As a business owner, you’ll likely face a time when you need to cover unexpected expenses, manage your cash flow differently, or buy new inventory. Taking out a business line of credit can be a perfect option in these circumstances. You borrow up to a certain limit and only pay interest on the money you borrow — it’s a different situation than a term loan. Also, you don’t always need to provide collateral; if the line of credit is on the low side, it’s usually unsecured. Here are some basics you need to know.
It’s important that you have at least a few years of history and consistent revenue in order to satisfy the requirements of traditional lenders (i.e., banks). If you are seeking out larger lines of credit, lenders require collateral, which you surrender if you don’t make payments. Typical documentation you’ll need to provide includes bank account information and financial statements, plus business and personal tax returns. Less traditional lenders usually have more lenient qualifications, though lower credit limits and higher rates are typical.
Around $25,000 in annual revenue and six months in business are usual requirements. If a credit report is requested, you’ll need to have a score of 500 or more.
Credit Lines vs. Credit Cards
You might hear the terms “business credit cards” and “lines of credit” used interchangeably, but they differ in several ways. A business card is more suitable for smaller, ongoing expenses and for businesses that are newer and with less-established finances. Business lines of credit are more appropriate for mature businesses and larger expenses.
Business credit cards can offer rewards or cash back when you spend a certain amount. The rewards usually relate to business expenses, such as gas, internet and cable, and supplies. Often you can obtain a card via a 0% promotion, during which you won’t need to pay any interest on your balance for a certain length of time.

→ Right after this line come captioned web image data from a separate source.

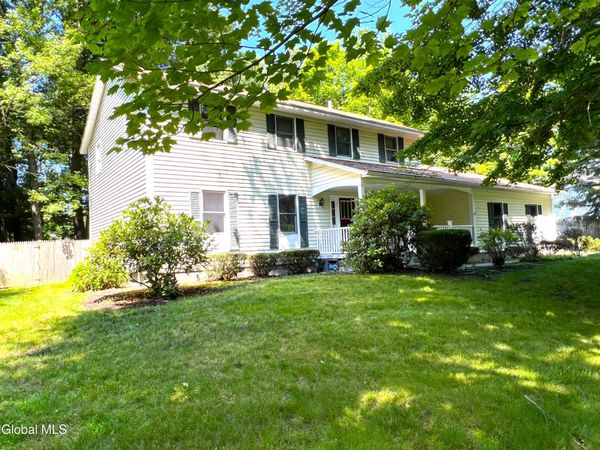 7 Woods Way, Clifton Park, NY 12065
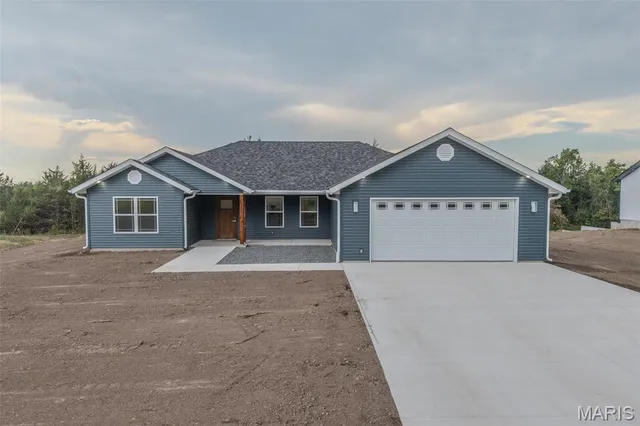 $299,900 | 1809 Vadie Avenue, Lebanon, MO 65536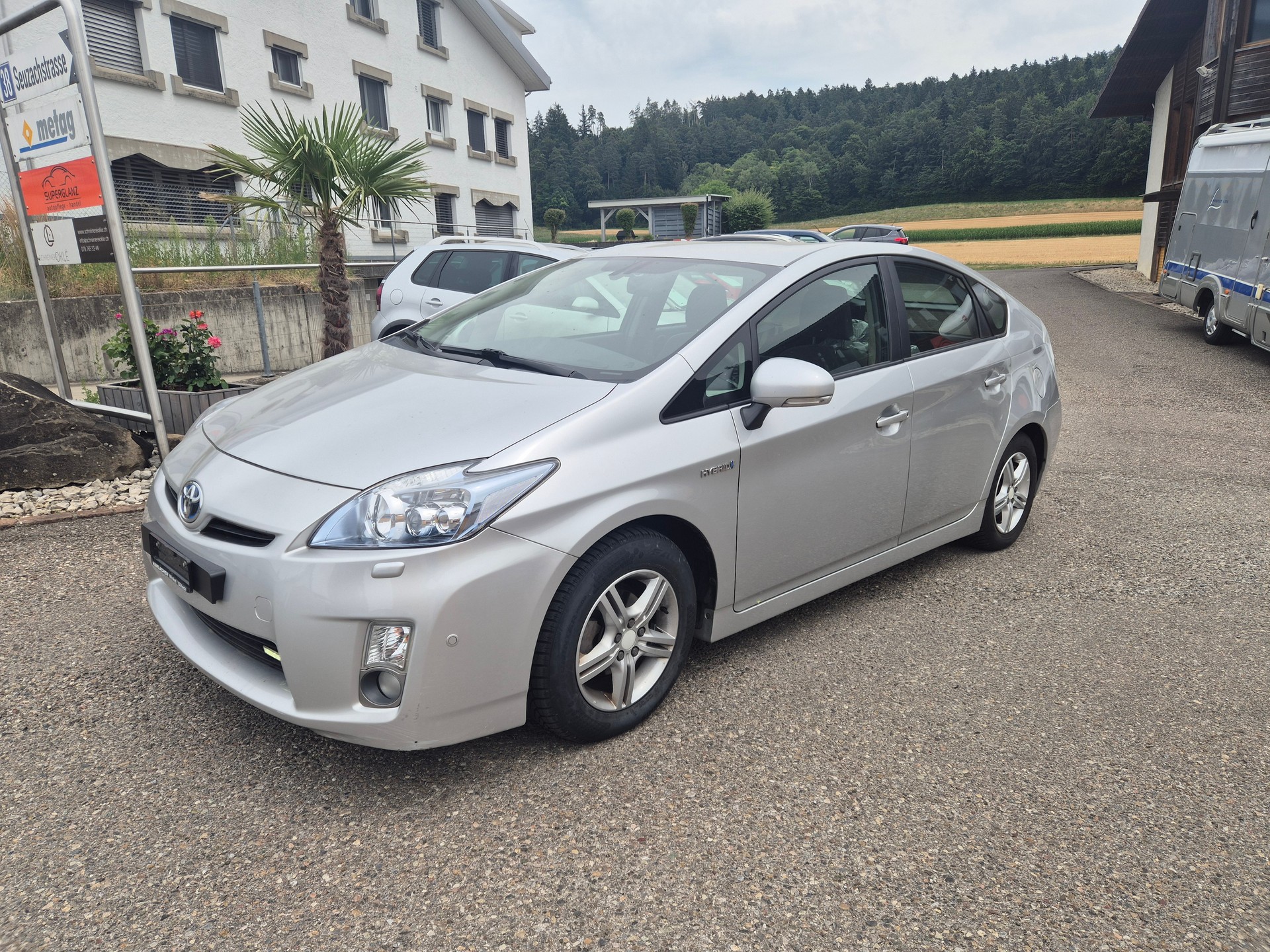 TOYOTA Prius 1.8 16V HSD Luna-image-0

A business line of credit means you have actual cash deposited to your bank account when you make a draw — with a higher credit limit. If it’s a large amount, it’s secured by collateral. If you get cash through your business credit card, you’ll be subject to fees and a higher APR, in addition to late-payment and annual fees.
Securing a line of credit for your business can create more consistent cash flow. Keep these factors in mind as you make your decision.